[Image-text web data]

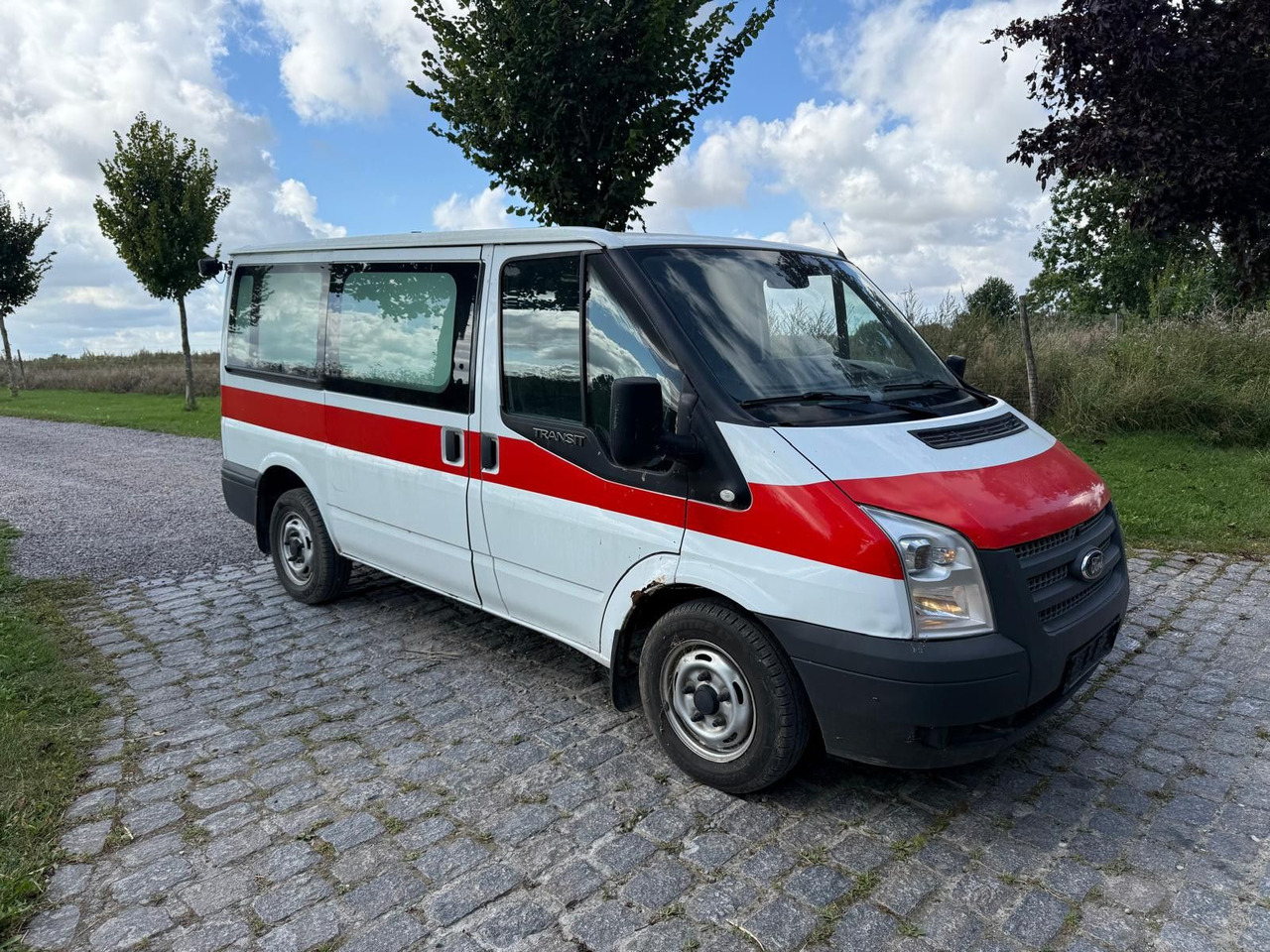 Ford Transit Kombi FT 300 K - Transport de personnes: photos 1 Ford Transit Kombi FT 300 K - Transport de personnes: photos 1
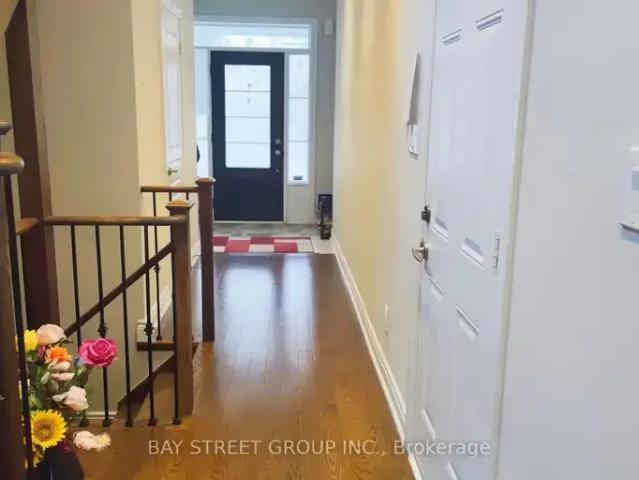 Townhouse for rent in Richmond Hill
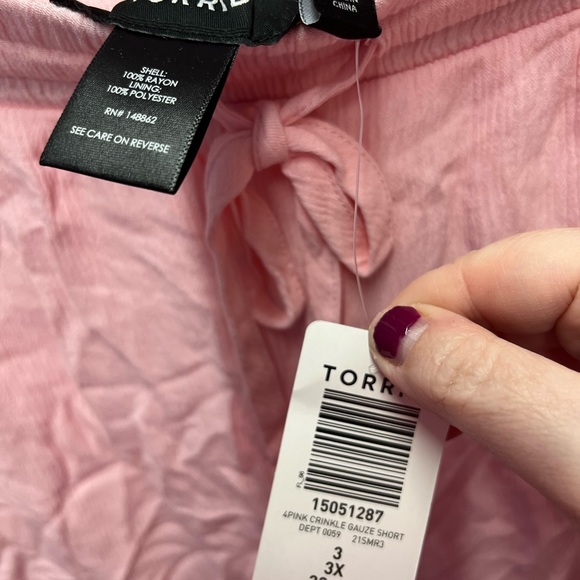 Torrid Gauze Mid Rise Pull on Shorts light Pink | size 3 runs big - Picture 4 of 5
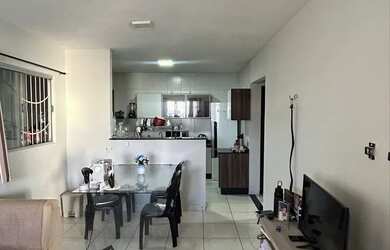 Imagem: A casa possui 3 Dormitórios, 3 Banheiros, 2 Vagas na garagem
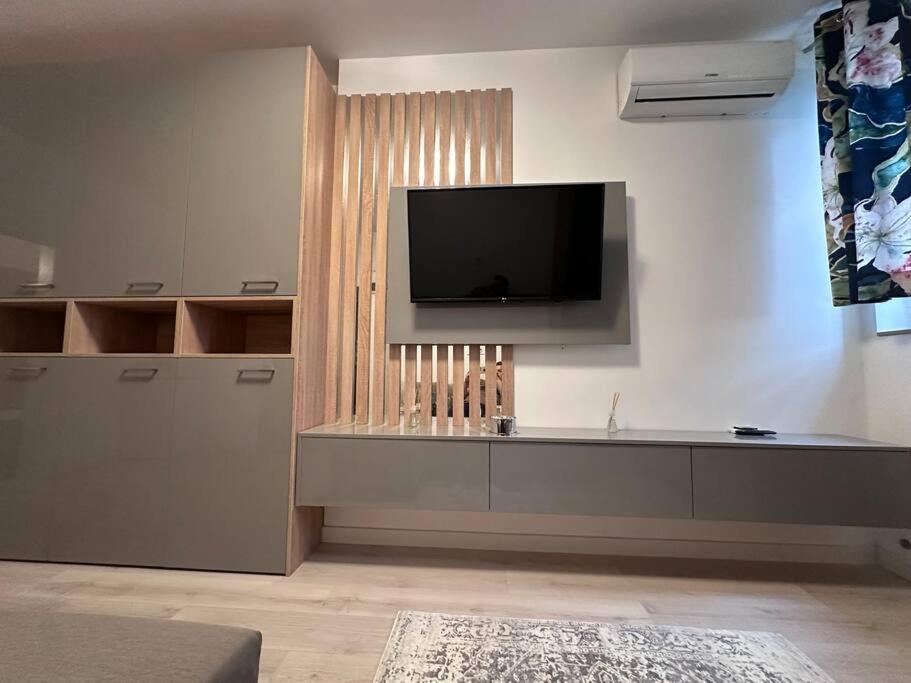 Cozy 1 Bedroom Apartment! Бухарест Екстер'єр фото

Task objective
Give the entries again exactly. Pictures stay out.

Your solution
 Ford Transit Kombi FT 300 K - Transport de personnes: photos 1 Ford Transit Kombi FT 300 K - Transport de personnes: photos 1
 Townhouse for rent in Richmond Hill
 Torrid Gauze Mid Rise Pull on Shorts light Pink | size 3 runs big - Picture 4 of 5
 Imagem: A casa possui 3 Dormitórios, 3 Banheiros, 2 Vagas na garagem
 Cozy 1 Bedroom Apartment! Бухарест Екстер'єр фото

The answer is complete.